Public service obligations

Does the state have any public service obligations in relation to port access or services? Can it satisfy these obligations through a contract with a private party?

In public state ports, the primary purpose of the ANNP, as per its organic law, is to maintain the navigability of the rivers at all times, and to keep the channels, river navigation routes and access to ports in good condition, permitting normal navigation throughout the year.

Regarding private ports, the Private Port Statute states that the administration of each port will be in charge of provision and payment of costs for dredging, signalling, marking and other related services in their respective access channels.

Both the state and the private sector can satisfy their obligations in contractual relationships with private parties.

Joint ventures

Can a state entity enter into a joint venture with a port operator for the development or operation of a port in your jurisdiction? Is the state’s stake in the venture subject to any percentage threshold?

Yes. This is currently the situation at the state-owned port of Villeta, currently operated by the Argentinian PTP Group, which entered into a contractual relationship (an operational strategic alliance) with the ANNP. The state’s stake is not subject to any percentage threshold: it is subject to private negotiation and contractual ordinary rules.

Foreign participation

Are there restrictions on foreign participation in port projects?

No. Additionally, the current government has a very strong policy to attract foreign capital for all types of infrastructure projects, including ports.

Public procurement and PPP

Legislation

Is the legislation governing procurement and PPP general or specific?

The legislation is general.

Proposal consideration

May the government or relevant port authority consider proposals for port privatisation/PPP other than as part of a formal tender?
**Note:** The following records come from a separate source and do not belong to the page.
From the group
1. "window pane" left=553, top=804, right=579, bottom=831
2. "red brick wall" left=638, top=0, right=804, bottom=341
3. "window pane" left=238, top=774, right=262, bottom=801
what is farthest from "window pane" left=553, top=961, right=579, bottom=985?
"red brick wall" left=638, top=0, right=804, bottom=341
The selection of private participants takes place through transparent and competitive procedures, respecting the principles of nondiscrimination, equality and wide publicity, so as to promote the participation of the largest number of operators, in order to select the private participant who can provide the most efficient and effective service.

The projects executed under the PPP Law are normally subject to formal tender procedures. The PPP Law provides that the selection of participants will be made by formal tender procedures, but also leaves room to establish, through regulation, other sorts of competitive procedures, provided that they are not contrary to the general principles of economy and efficiency, transparency and equality.
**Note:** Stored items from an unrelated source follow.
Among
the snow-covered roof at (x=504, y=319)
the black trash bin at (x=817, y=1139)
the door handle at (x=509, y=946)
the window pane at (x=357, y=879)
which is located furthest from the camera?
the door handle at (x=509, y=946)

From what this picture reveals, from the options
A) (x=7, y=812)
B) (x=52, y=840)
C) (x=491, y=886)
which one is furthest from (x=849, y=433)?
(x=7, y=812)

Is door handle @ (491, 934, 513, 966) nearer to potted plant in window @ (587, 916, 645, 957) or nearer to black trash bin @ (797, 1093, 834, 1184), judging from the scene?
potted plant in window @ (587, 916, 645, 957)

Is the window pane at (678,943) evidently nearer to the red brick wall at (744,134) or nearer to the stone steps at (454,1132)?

The development of PPP projects might start as a result of a public initiative, within the relevant contracting authority, or might be presented to the contracting authority by the private sector. Private initiative projects can be substantiated and evaluated whenever there is not a previous submission made by another private proponent in study, and when the contracting authority is not conducting a similar project for promotion as a public initiative project.
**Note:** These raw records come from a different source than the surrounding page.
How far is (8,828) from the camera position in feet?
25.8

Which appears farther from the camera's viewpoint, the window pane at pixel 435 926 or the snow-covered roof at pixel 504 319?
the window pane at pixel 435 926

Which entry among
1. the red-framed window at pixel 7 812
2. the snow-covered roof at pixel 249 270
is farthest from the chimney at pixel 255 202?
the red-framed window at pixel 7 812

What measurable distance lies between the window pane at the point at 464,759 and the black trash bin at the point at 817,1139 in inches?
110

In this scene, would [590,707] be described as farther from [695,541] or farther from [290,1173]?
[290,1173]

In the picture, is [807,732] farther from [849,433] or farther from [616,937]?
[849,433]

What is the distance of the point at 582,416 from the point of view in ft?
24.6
In both scenarios the contracting authority, under the coordination of the PPP Project Unit of the Ministry of Planning, will be responsible for the structure, selection, adjudication and conclusion of the PPP contract. Likewise, the contracting authority has the power to control the proper execution of the contract and the fulfilment of the obligations assumed by private participants.

Joint venture and concession criteria

What criteria are considered when awarding award port concessions and port joint venture agreements?

All PPP projects must have a technical, economic and legal analysis presented and approved by the contracting authority. In addition, the projects should have a favourable opinion issued by the Ministry of Planning, and the approval of the Ministry of Finance.

The regulation of the PPP Law (Decree No. 1,350/14) establishes the scope, form and content of the previous assessments required that may be applicable in each case, such as:

  • engineering;
  • operational;
  • commercial;
  • economic;
  • financial;
  • legal;
  • environmental; and
  • economic.

The award of the PPP project to a certain private participant is decided in accordance with the evaluation system, which consists of a predetermined scoring system established in the specifications of the tender.

The evaluation system must meet one or more of the following factors:

  • fees paid by users;
  • remuneration for services rendered to the state;
  • the term of the contract;
  • government contributions to the bidder to supplement revenues coming from users;
  • payments offered by the bidder to the contracting authority;
  • income guaranteed by the government;
  • the total or partial score obtained in the technical qualification;
  • qualification of additional useful and necessary services;
  • total contract revenues, calculated in accordance with the provisions of the tender; and
  • other objective factors defined in the regulations.

Model agreement

Is there a model PPP agreement that is used for port projects? To what extent can the public body deviate from its terms?

There is no model PPP agreement. The legal terms of the project are included in contracts negotiated between the private participant and the contracting authority.

Approval

What government approvals are required for the implementation of a port PPP agreement in your jurisdiction? Must any specific law be passed in your jurisdiction for this?

A decree issued by the executive branch is required to start a PPP project. Below is a brief description of the process.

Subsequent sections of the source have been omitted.